==== Dataset excerpts ====
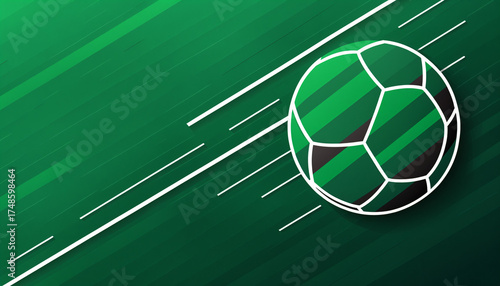 a stylized green and black ...
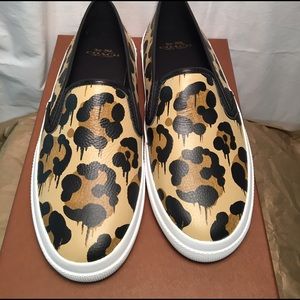 Coach Chrissy Animal Print slip on shoes Coach Chrissy Animal Print slip on shoes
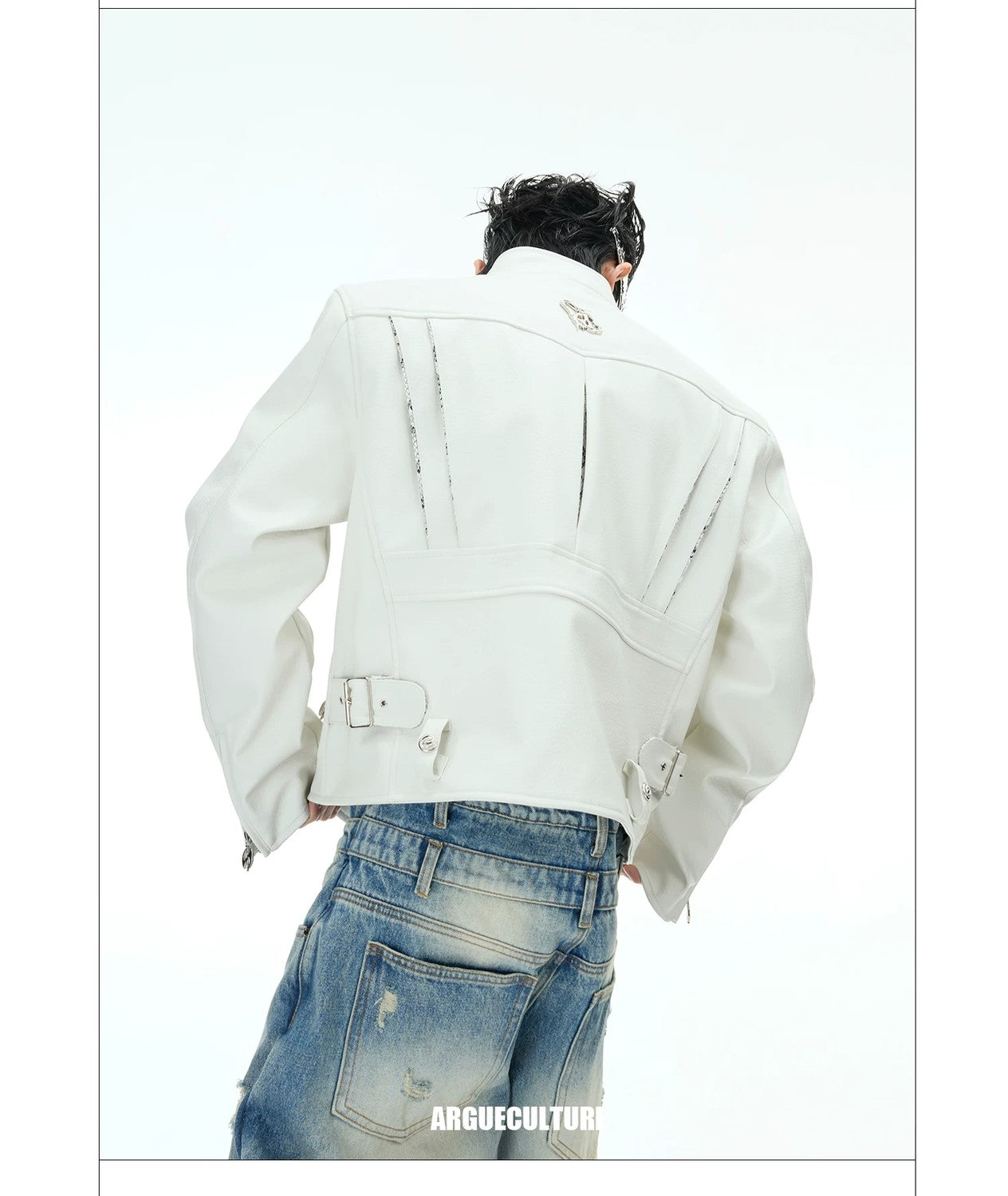 desc::snake-skin-deconstructed-cropped-pu-leather-moto-jacket-detail-img-8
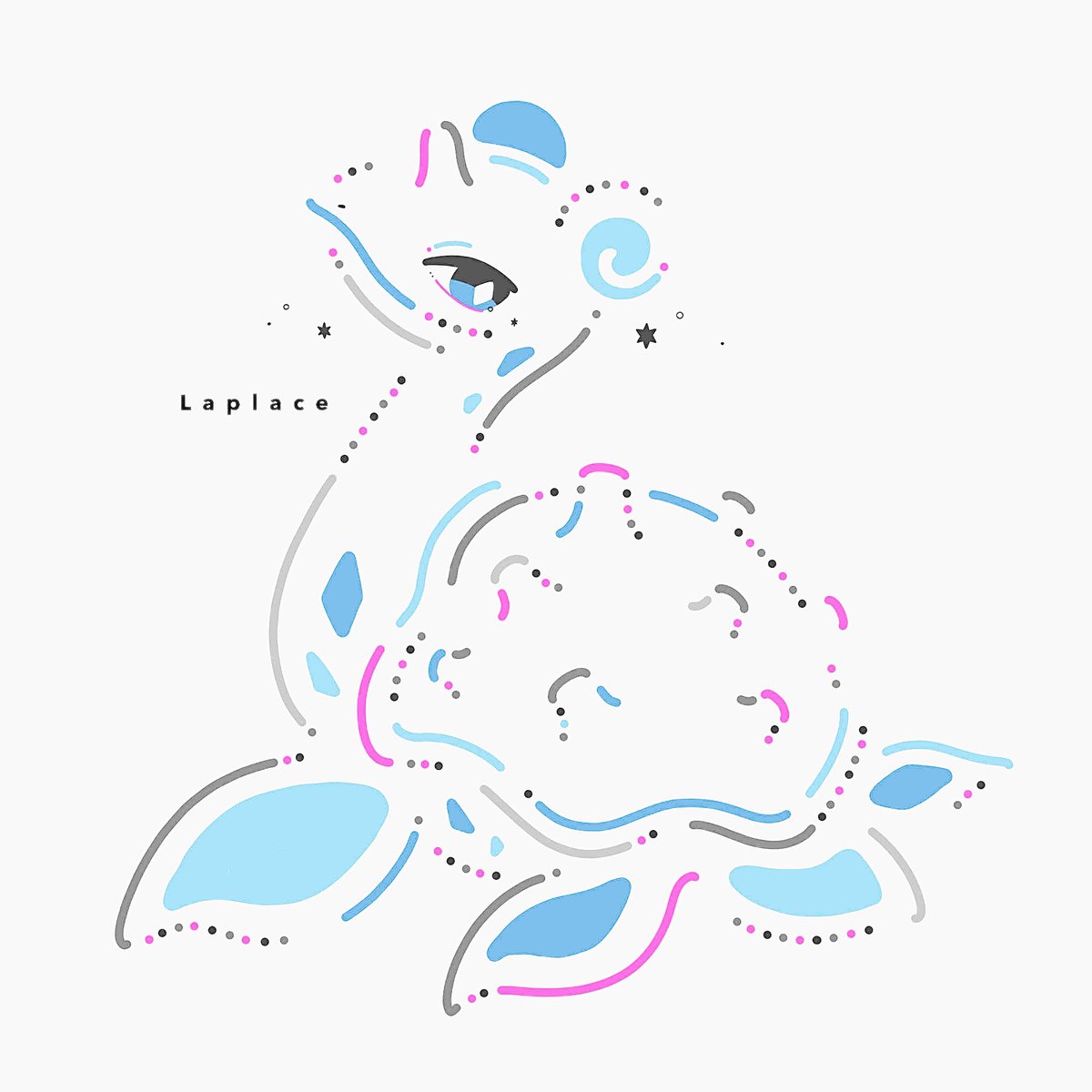 chii_003's tweet photo. ラプラス https://t.co/Eu7fGmpVuz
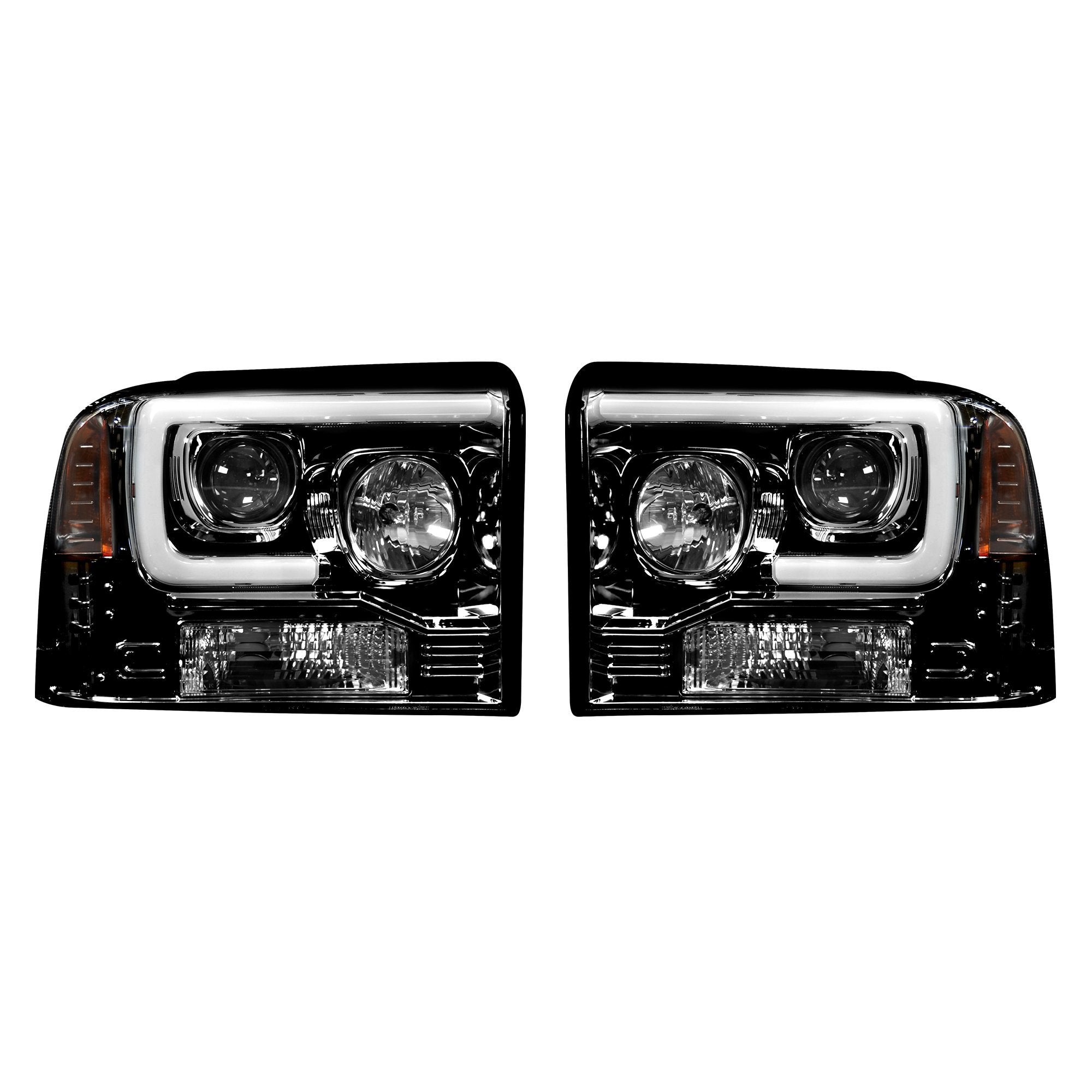 RECON 264193BKC Ford Superduty For 05-07 F250/F350/F450 PROJECTOR HEADLIGHT RECON 264193BKC FORD SUPERDUTY 05-07 F250&frasl;F350&frasl;F450&frasl;F550 PROJECTOR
====
• Required work:
Only the text of the records above, copied exactly, should be returned; the pictures stay out.

• Result of the exercise:
 a stylized green and black ...
 Coach Chrissy Animal Print slip on shoes Coach Chrissy Animal Print slip on shoes
 desc::snake-skin-deconstructed-cropped-pu-leather-moto-jacket-detail-img-8
 chii_003's tweet photo. ラプラス https://t.co/Eu7fGmpVuz
 RECON 264193BKC Ford Superduty For 05-07 F250/F350/F450 PROJECTOR HEADLIGHT RECON 264193BKC FORD SUPERDUTY 05-07 F250&frasl;F350&frasl;F450&frasl;F550 PROJECTOR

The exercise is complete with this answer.